_Directions for this task:_
Exercise in exact copying: restate word for word only the lines below from the one containing "ラ タント(L'attente)&nbsp;バレイヤージュデニムカラー" through the one containing "ABS Undercounter Refrigerator image 0", omitting any pictures.

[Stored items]
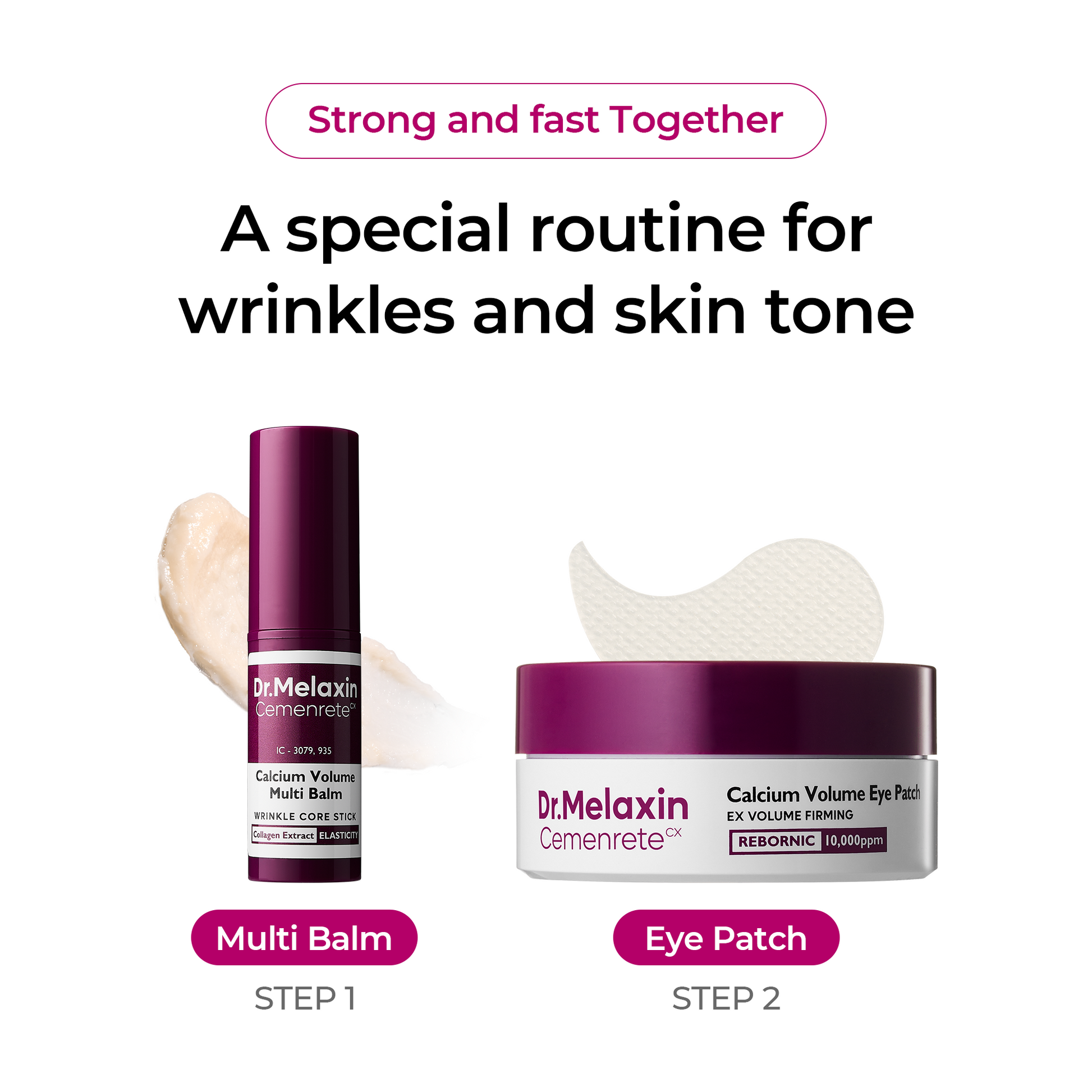 [Dr.Melaxin Exclusive] Calcium & Collagen Youth Bo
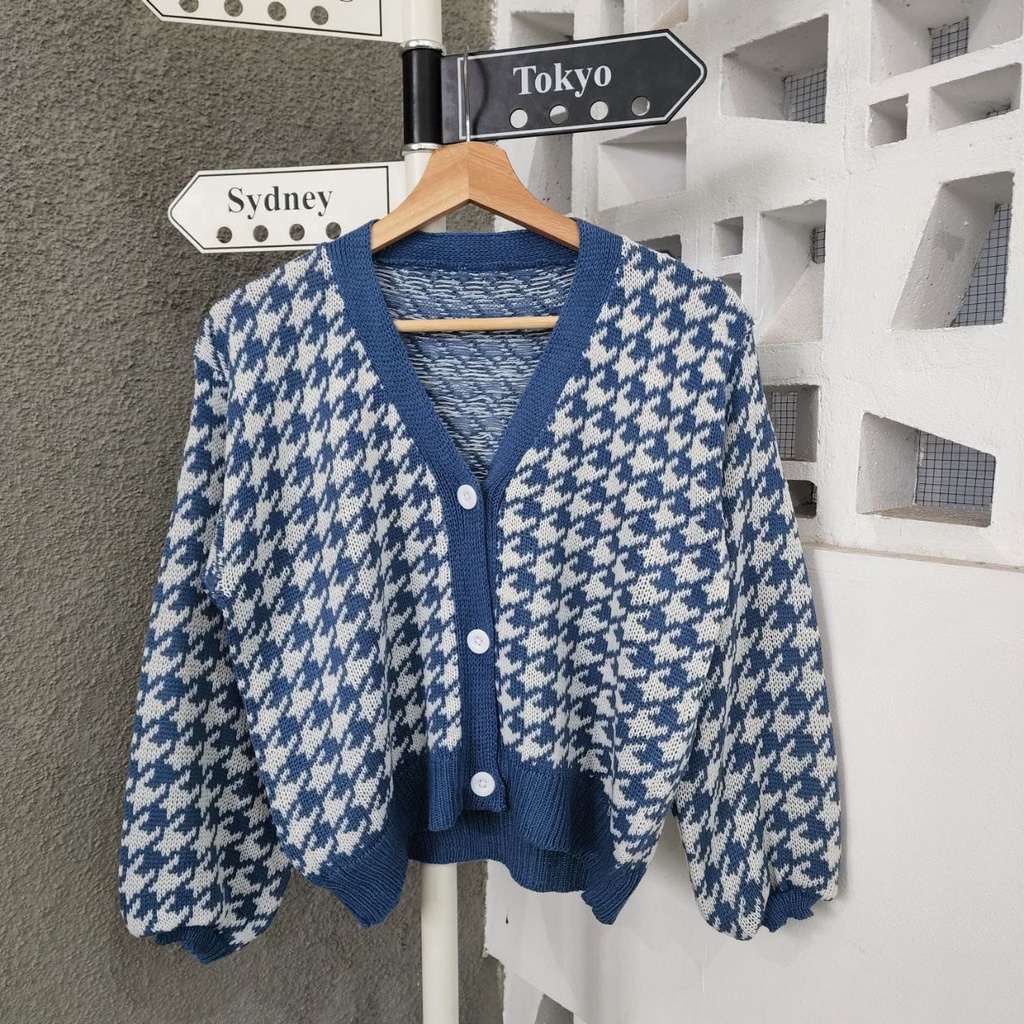 Autumn Cardi Rajut (COD) / Sweater & Cardigan / Cardi Rajut Wanita / Cardi Rajut Wanita Korean Style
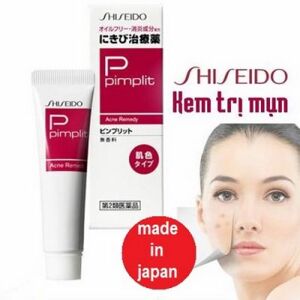 Kem trị mụn Shiseido Pimplit 18g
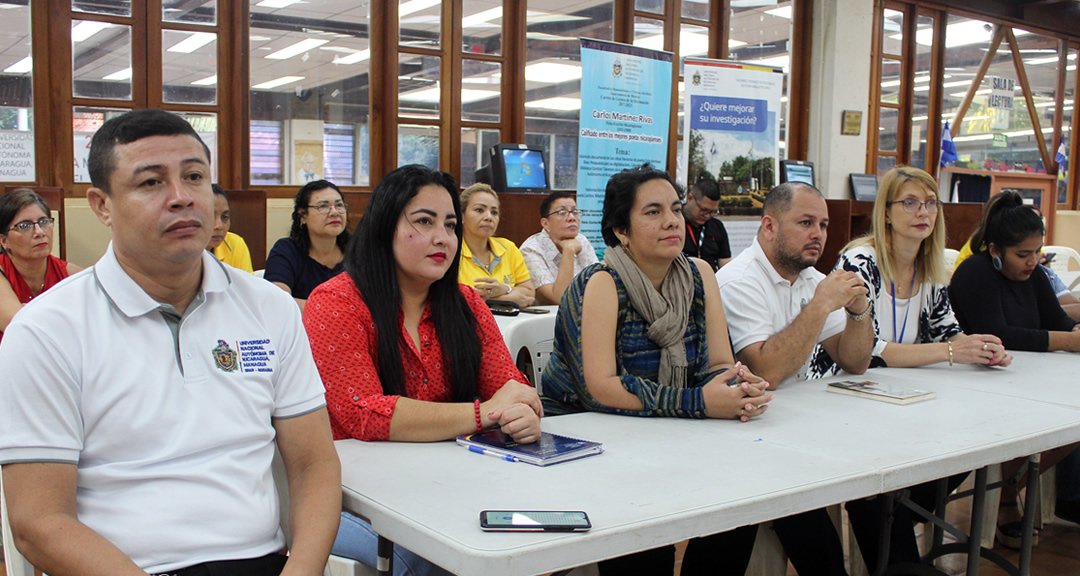 Gestores de la información y miembros del Club de Lectores Semillas del Conocimiento.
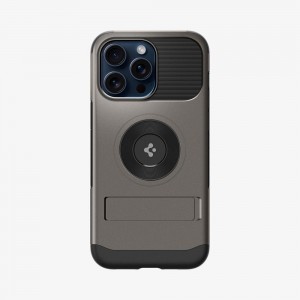 Spigen Slim Armor (MagFit) Iphone 15 Pro Max Case Gunmetal | ZYPK-32016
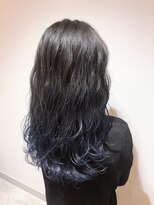 ラ タント(L'attente)&nbsp;バレイヤージュデニムカラー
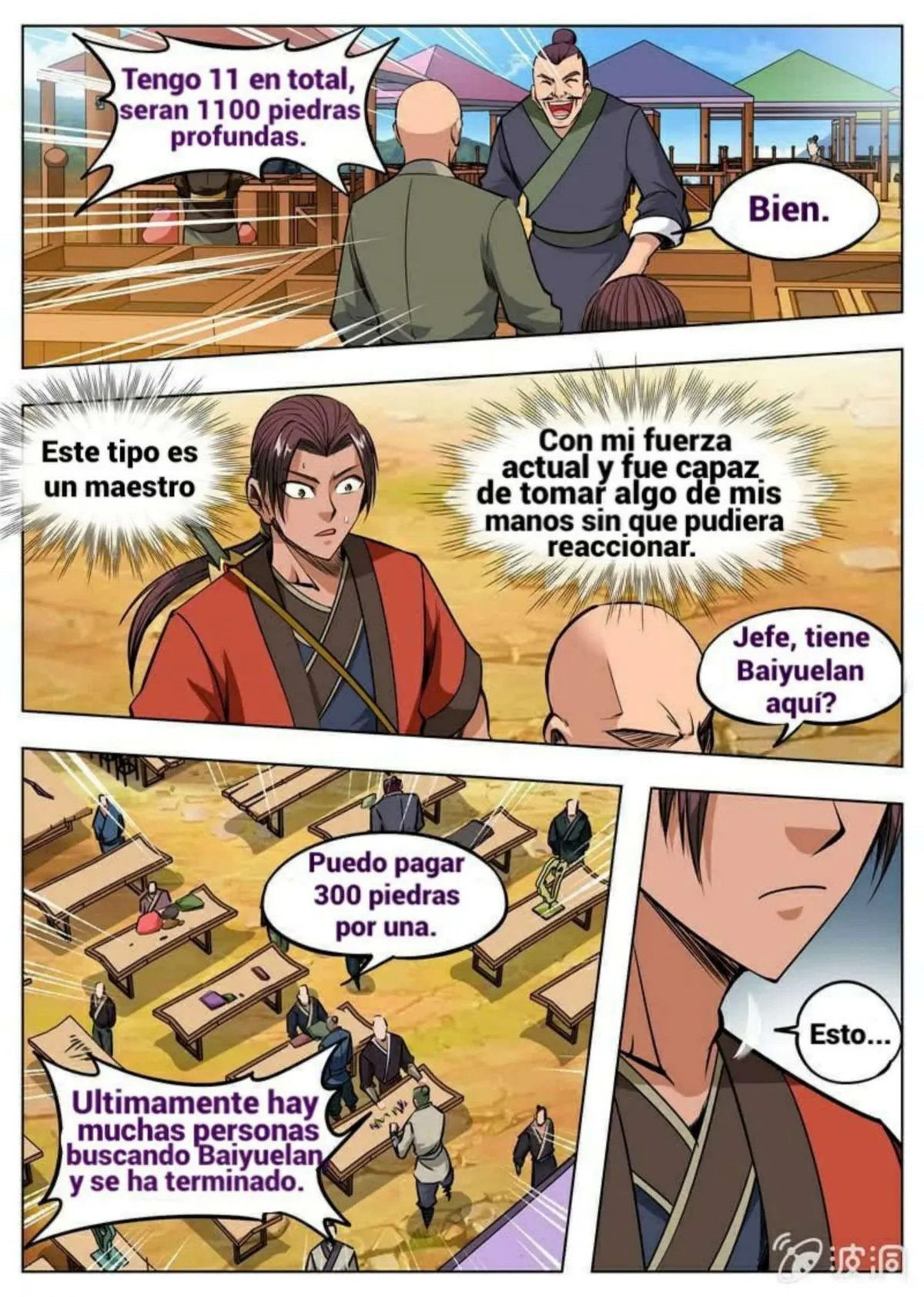 Greatest Sword Immortal Capítulo 163 en Línea - página 33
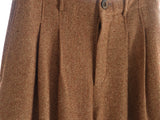 Cocoon Pant - Spice Herringbone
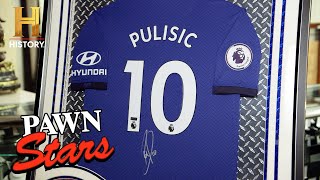 Pawn Stars: SUPERSTAR Signed Soccer Jersey Worth THOUSANDS? (Season 19)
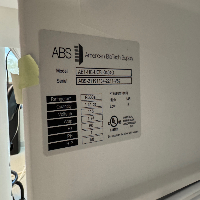 ABS Undercounter Refrigerator image 0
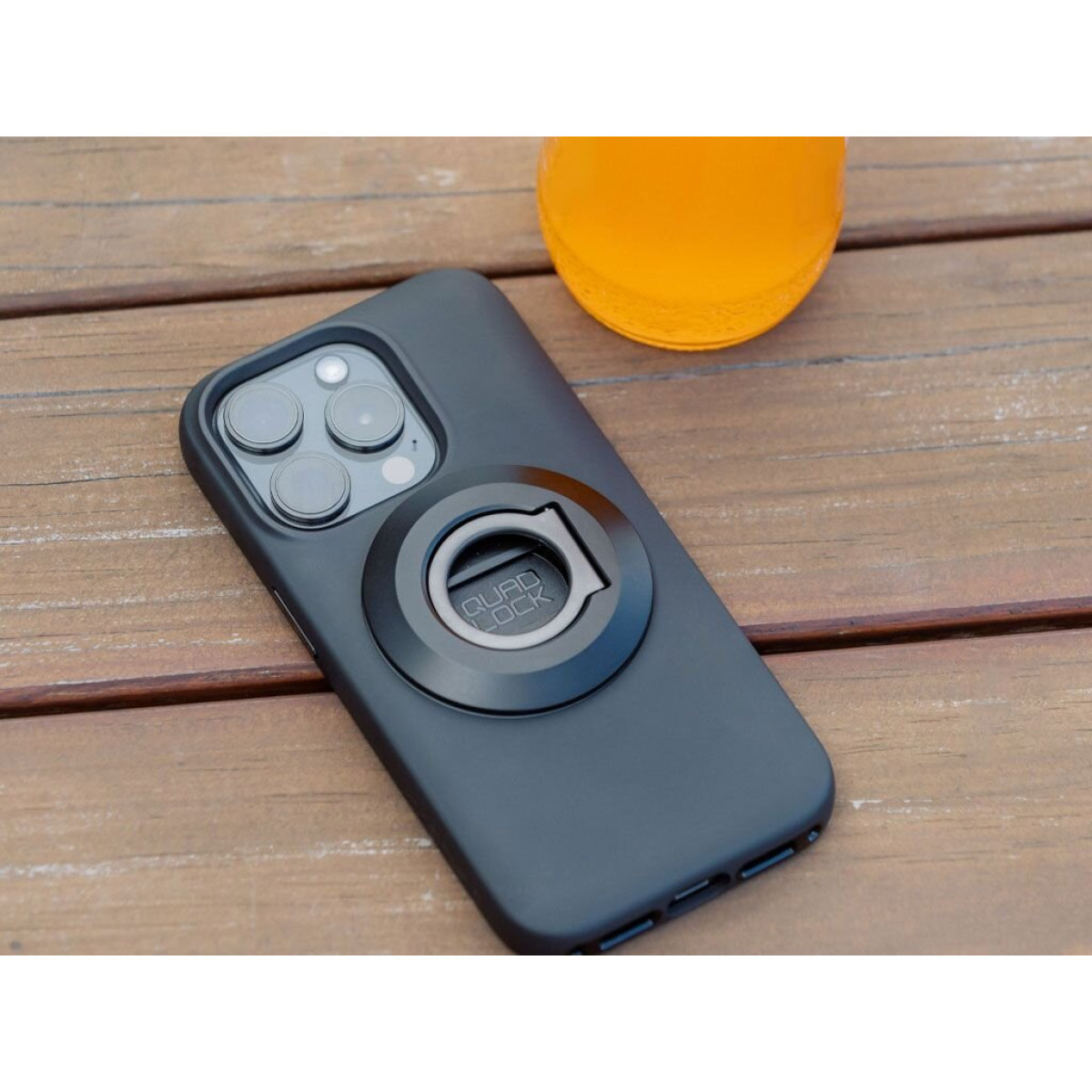 Quad Lock® MAG telefonirõngas/jalg ja pudeliavaja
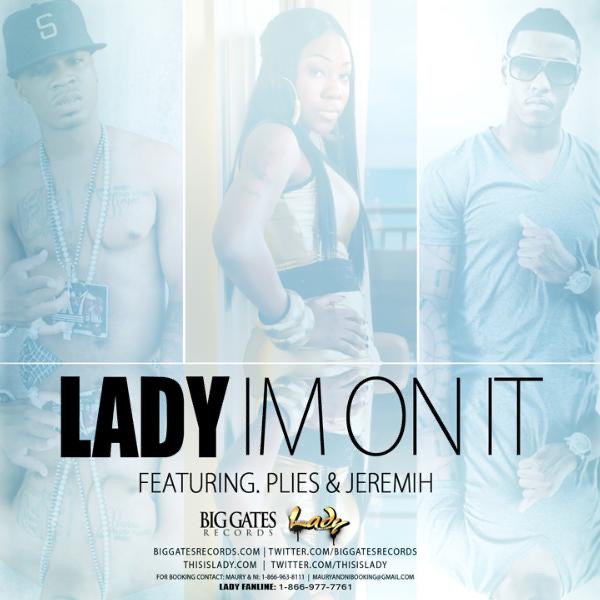 I'm on It (feat. Plies & Jeremih) - Single album cover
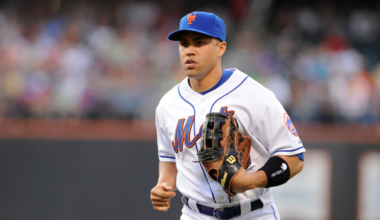 Which team's hat will Carlos Beltrán have on his Hall of Fame plaque?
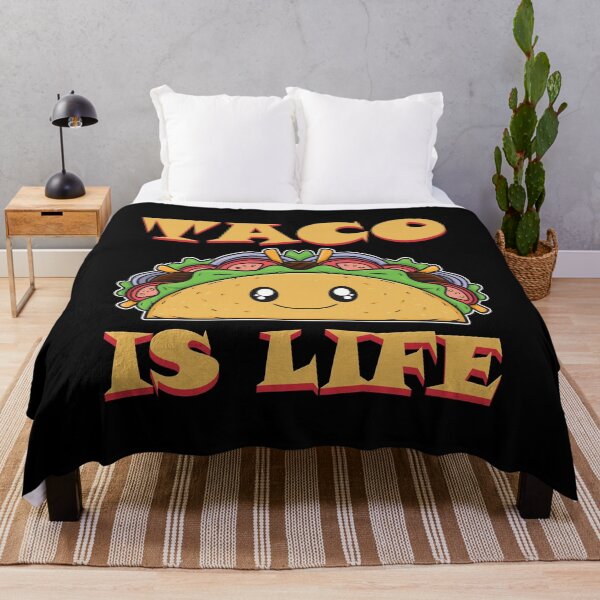 Item preview, Funny Taco Is Life Taco Shells for Mexican Food Lovers designed and sold by ShopTheStyle.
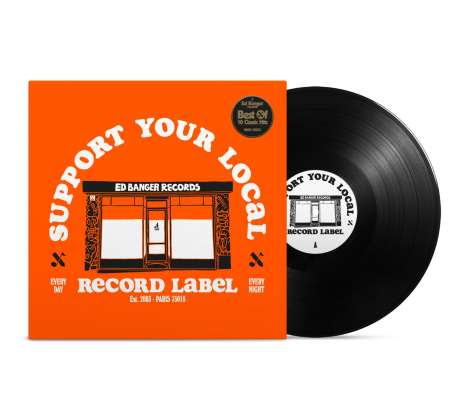 Ed Banger Records - Support Your Local Record Label, LP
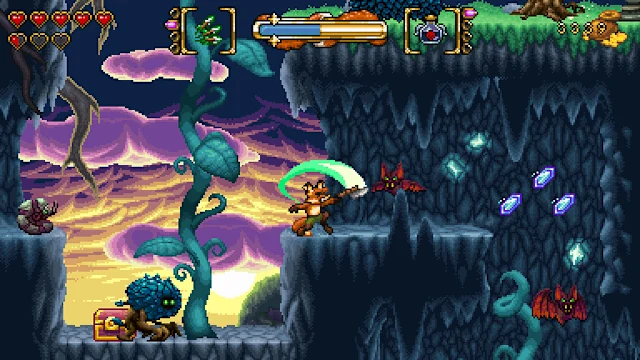 FOX n FORESTS screenshot 1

_Task result:_
 ラ タント(L'attente)&nbsp;バレイヤージュデニムカラー
 Greatest Sword Immortal Capítulo 163 en Línea - página 33
 Cocoon Pant - Spice Herringbone
 Pawn Stars: SUPERSTAR Signed Soccer Jersey Worth THOUSANDS? (Season 19)
 ABS Undercounter Refrigerator image 0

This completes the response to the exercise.